The paper introduces SEBBs that decouple temporal extent and confidence predictions, significantly enhancing sound event detection accuracy.
It proposes a change-detection algorithm combined with a hybrid traditional method, resulting in a PSDS increase from 0.644 to 0.703 and an F-score of 0.734.
The experimental improvements suggest practical benefits for applications like surveillance and autonomous driving, reinforcing the shift from frame-level to event-level detection.

Sound Event Bounding Boxes

The paper "Sound Event Bounding Boxes" authored by Janek Ebbers, François G. Germain, Gordon Wichern, and Jonathan Le Roux, offers a critical evolution in the domain of Sound Event Detection (SED).

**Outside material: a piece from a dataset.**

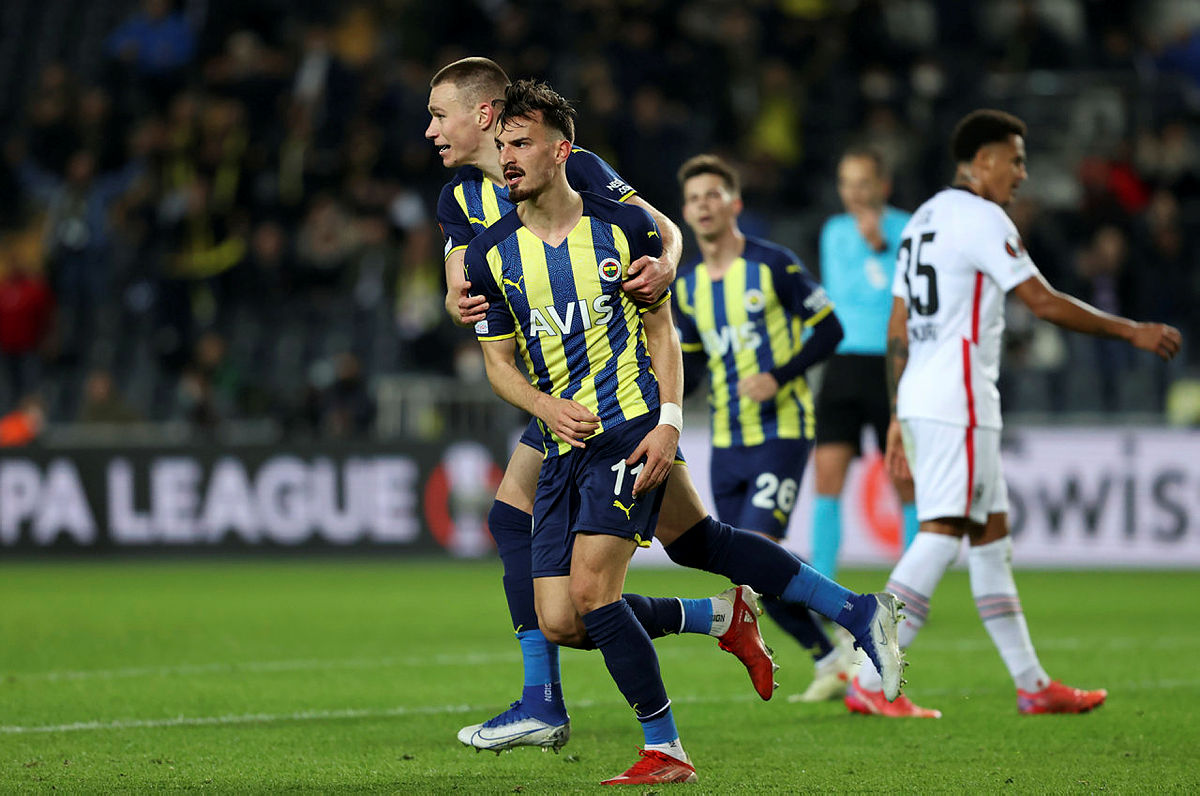 Fenerbahçe’de Mergim Berisha paylaşılamıyor!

Presented by researchers from Mitsubishi Electric Research Laboratories, the work challenges the conventional frame-level thresholding methodologies traditionally employed in SED. The paper proposes the introduction of Sound Event Bounding Boxes (SEBBs), which, through decoupling the predictions of event extent and confidence, fundamentally alter the mechanisms and improve the accuracy of SED systems.

Core Contributions

The fundamental contribution of this paper lies in proposing SEBBs as a new output format for SED systems. Traditional SED methods involve predicting frame-level sound presence confidences, which are then thresholded to create binary frame-level decisions that are merged to form event predictions. However, this coupling of threshold-based event extent prediction with confidence levels has been identified as sub-optimal. The paper introduces SEBBs to completely decouple these predictions, presenting a sound event as a tuple consisting of class type, temporal extent, and confidence score.

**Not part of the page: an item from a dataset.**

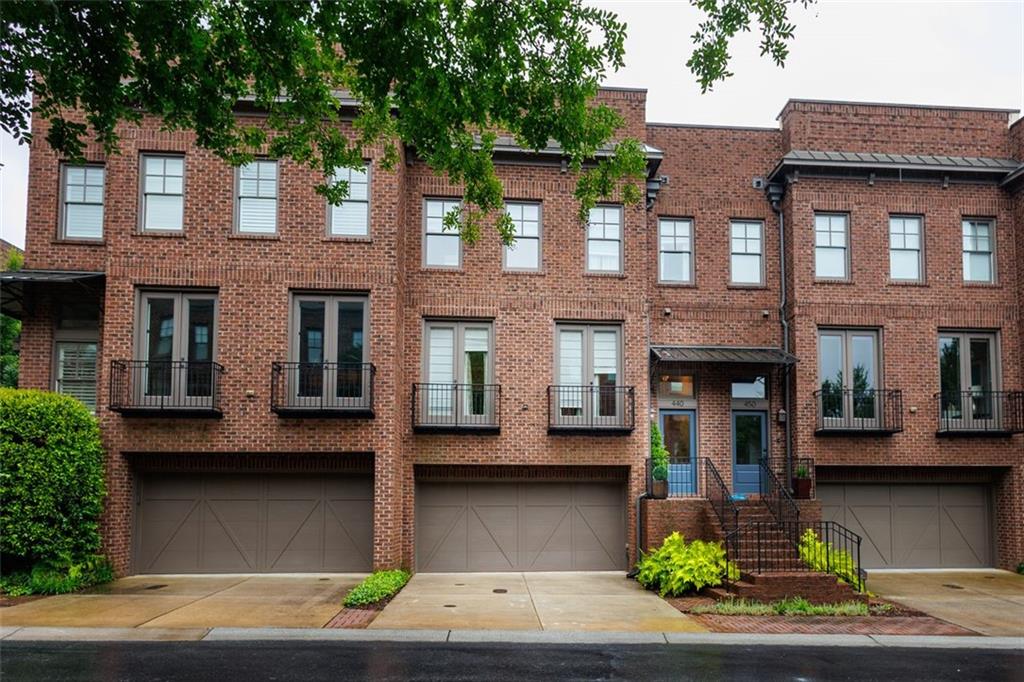 440 Canton Walk, Roswell, Georgia image 1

Methodological Advancements

SEBBs:
- SEBBs format sound events as a tuple $(c_j, t_{\text{on}, j}, t_{\text{off}, j}, \overline{y}_j)$ , where $c_j$ denotes the class of the event, $t_{\text{on}, j}$ and $t_{\text{off}, j}$ denote the onset and offset times, and $\overline{y}_j$ represents the aggregated confidence score.
- This structure separates the temporal extent and confidence predictions, making event confidence thresholding independent of temporal extent predictions.
Change-Detection Algorithm:
- To transition legacy systems to output SEBBs, the authors propose a change-detection-based algorithm. This method uses delta scores involving ideal step filters to identify onsets and offsets for the events more robustly than simple thresholding methods.
- Further, a hybrid method incorporating both traditional and change-detection approaches is introduced to enhance the flexibility and applicability of SEBB prediction.

Experimental Results

The proposed methodologies were rigorously evaluated using the DCASE 2023 Challenge Task 4 dataset. The results yielded significant improvements over traditional methods:

The best-performing system under the contemporary thresholding approach scored a PSDS (Polyphonic Sound Detection Score) of 0.644. Application of the proposed SEBB methods resulted in an uplift to a PSDS of 0.703 and a corresponding F-score of 0.734.
Systems that adopted SEBBs overall showed an average improvement in PSDS by 4.1 percentage points, while F-scores improved by 3.4 percentage points.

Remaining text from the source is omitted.